Please, from the entries below, transcribe exactly the lines that begin at the line with "2018 Chrysler Pacifica" and end at the line with "Keyboard-wizard Don Airey", without the pictures.

> [Exercise input]:
________________

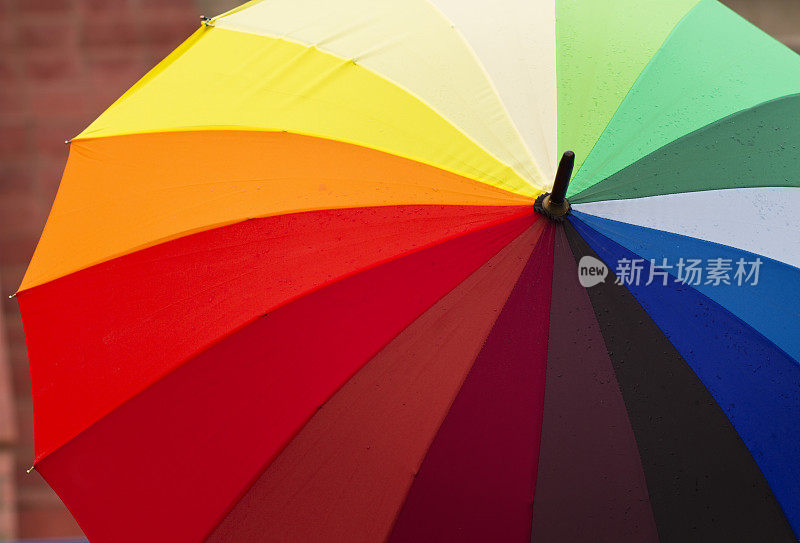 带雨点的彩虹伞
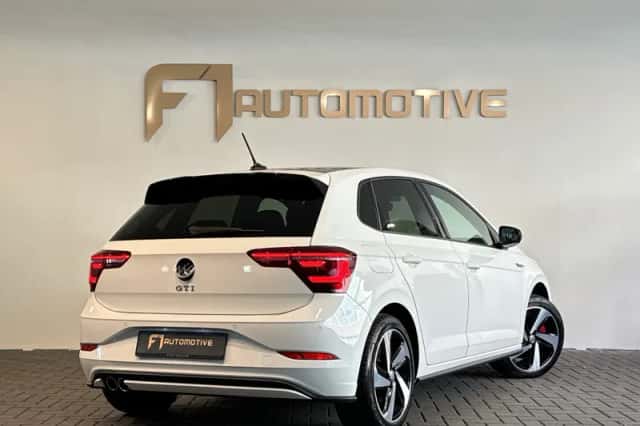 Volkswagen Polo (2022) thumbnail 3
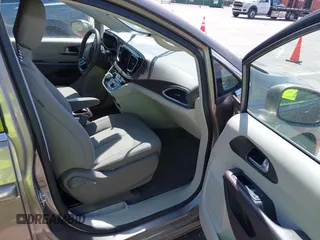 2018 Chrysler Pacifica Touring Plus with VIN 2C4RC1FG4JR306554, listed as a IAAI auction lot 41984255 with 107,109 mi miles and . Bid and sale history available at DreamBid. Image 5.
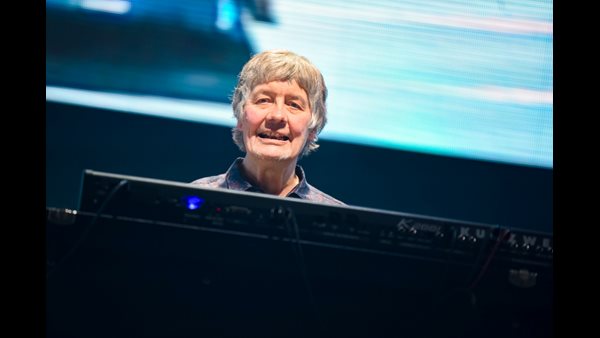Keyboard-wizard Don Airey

________________

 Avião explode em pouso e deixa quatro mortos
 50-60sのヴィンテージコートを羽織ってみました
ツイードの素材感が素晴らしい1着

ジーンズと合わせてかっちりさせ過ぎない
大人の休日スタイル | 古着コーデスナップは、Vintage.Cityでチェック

________________

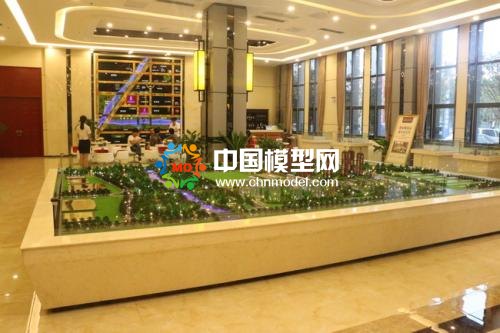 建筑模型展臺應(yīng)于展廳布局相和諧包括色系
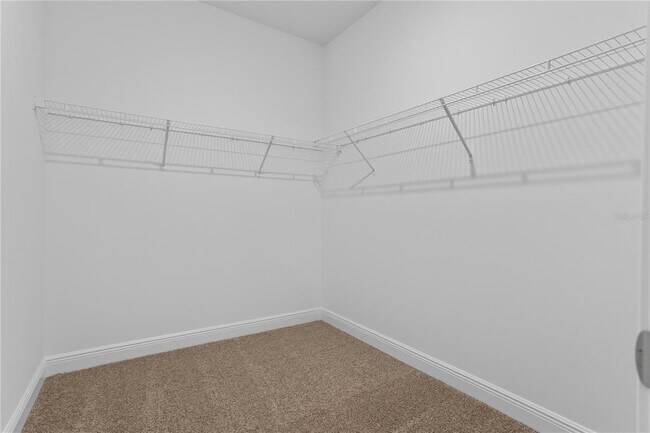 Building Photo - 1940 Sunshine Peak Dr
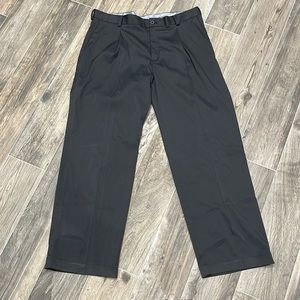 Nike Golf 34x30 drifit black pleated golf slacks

________________

> [Answer for the task]:
 2018 Chrysler Pacifica Touring Plus with VIN 2C4RC1FG4JR306554, listed as a IAAI auction lot 41984255 with 107,109 mi miles and . Bid and sale history available at DreamBid. Image 5.
Keyboard-wizard Don Airey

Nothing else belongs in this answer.